# Life ~ I Reclaim You



## Shooboomafoo (Mar 30, 2011)

You're looking starved and frail you "me" of of yesterday..
My shadow, that looks to quickly shift your load to my back. 
How at the most random of times you whisper the thoughts of what it was or what has ended, catching me unprepared and reflective..
I have turned a deaf ear to you, a blind eye, and refuse to carry that, anymore. I will no longer feed you, to strengthen your case against me. I will no longer sit in idle self pity, waiting for you to anoint me with the oil of depression, leaving me to question who I am again.
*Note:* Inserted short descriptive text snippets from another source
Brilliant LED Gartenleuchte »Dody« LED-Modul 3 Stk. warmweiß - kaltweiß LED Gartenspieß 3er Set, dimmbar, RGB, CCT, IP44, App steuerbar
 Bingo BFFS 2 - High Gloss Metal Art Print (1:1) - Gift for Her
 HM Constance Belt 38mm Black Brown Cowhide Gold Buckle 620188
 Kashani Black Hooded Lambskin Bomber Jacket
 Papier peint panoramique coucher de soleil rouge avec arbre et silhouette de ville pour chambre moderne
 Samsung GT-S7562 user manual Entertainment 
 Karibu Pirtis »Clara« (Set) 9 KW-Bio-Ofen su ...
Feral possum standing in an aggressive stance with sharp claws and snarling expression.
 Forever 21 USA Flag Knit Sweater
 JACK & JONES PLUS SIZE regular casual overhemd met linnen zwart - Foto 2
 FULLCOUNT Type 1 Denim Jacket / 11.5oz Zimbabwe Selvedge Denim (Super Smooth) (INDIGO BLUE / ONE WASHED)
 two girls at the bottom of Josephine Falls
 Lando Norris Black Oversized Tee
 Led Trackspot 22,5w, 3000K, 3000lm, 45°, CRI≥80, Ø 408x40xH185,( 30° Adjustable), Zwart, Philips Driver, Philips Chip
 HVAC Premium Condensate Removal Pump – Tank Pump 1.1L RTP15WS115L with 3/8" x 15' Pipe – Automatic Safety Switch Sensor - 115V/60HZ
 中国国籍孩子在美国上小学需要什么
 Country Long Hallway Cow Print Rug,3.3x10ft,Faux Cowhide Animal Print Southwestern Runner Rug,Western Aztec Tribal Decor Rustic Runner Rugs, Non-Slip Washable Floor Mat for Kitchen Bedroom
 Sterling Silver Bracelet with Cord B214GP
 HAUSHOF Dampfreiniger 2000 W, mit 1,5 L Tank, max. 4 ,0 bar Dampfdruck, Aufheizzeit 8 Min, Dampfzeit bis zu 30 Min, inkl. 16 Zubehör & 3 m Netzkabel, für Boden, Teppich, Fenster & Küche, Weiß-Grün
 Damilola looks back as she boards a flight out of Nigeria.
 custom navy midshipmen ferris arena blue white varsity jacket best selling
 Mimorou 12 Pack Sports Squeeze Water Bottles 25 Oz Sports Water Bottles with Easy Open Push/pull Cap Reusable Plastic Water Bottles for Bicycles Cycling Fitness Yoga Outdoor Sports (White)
I am a man, as I was long before a child, before this event so pulled me out of myself, and I existed before it all, and will exist futher despite it. I had loves, I had fun, I had thoughts, and feelings and ways, all to my own, all of my own, and without the looming cloud of consideration that a good man puts towards another's needs, I will reclaim consideration of my Self.
These short years that passed have merely placed a coat upon me, that i can easily take off. It is, by the way, no longer winter in my life.
As I sit on my own couch with a pile of Lego's in front of me, my child awaiting the co-creation of lego houses, and lego boats and a lego village, I will begin to rebuild my own life piece by piece, crafting the walls, and snapping each in its own place.
This time, the colors will not match, and I may very well leave a few gaps in the wall of my own willingness to. I plan on keeping the windows open.
I will reclaim the right to build myself and my life again, and I will claim the new title of Single Dad, whose daughter is always vocal about her love for me. My hair will gray, and my step will shorten, but I will live, and I will raise my child to see her live as well.
Nothing from this event has been taken from me, more so it has been given instead, a hard won freedom from years of sacrifice and selflessness, granted freedom from a void that will never fill, that will always be dark, that will never offer warmth.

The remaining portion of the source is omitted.